By Jack Linshi
March 24, 2015
This map shows NASA's Opportunity Mars Rover's entire traverse from landing to Marathon Valley. The rover completed its first Red Planet marathon Tuesday — 26.219 miles (42.195 kilometers)
NASA/JPL-Caltech/MSSS/NMMNHS

The first marathon on Mars was finally completed Tuesday by NASA’s Opportunity Mars Rover—and it only took about 11 years and two months.

“This is the first time any human enterprise has exceeded the distance of a marathon on the surface of another world,” John Callas, the rover’s project manager at NASA’s Jet Propulsion Laboratory, said in a celebratory statement. “A first time happens only once.”

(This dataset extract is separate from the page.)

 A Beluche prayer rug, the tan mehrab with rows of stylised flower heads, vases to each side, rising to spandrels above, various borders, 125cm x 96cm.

Opportunity landed on the Red Planet on Jan. 25, 2004, with an “original three-month prime mission” but since then been driving around and stopping to perform scientific research. As of Tuesday, Opportunity is on the west rim of Endeavor Crater—nicknamed “Marathon Valley”—where it continues to research the planet’s ancient wet conditions.

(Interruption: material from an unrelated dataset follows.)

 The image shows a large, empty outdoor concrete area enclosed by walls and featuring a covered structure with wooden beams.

Opportunity previously broke a record last year when it overtook the former Soviet Union’s Lunokhod 2 moon rover as the off-Earth rover that had traveled the most distance.

“This mission isn’t about setting distance records, of course; it’s about making scientific discoveries on Mars and inspiring future explorers to achieve even more,” said Steve Squyres, the rover’s principal investigator at Cornell University. “Still, running a marathon on Mars feels pretty cool.”

Opportunity and NASA’s Curiosity Mars Rover are the only operating rovers on Mars. NASA’s previous rover, Spirit Mars Rover, became stuck in soft soil in 2009 and ceased communication with scientists in 2010.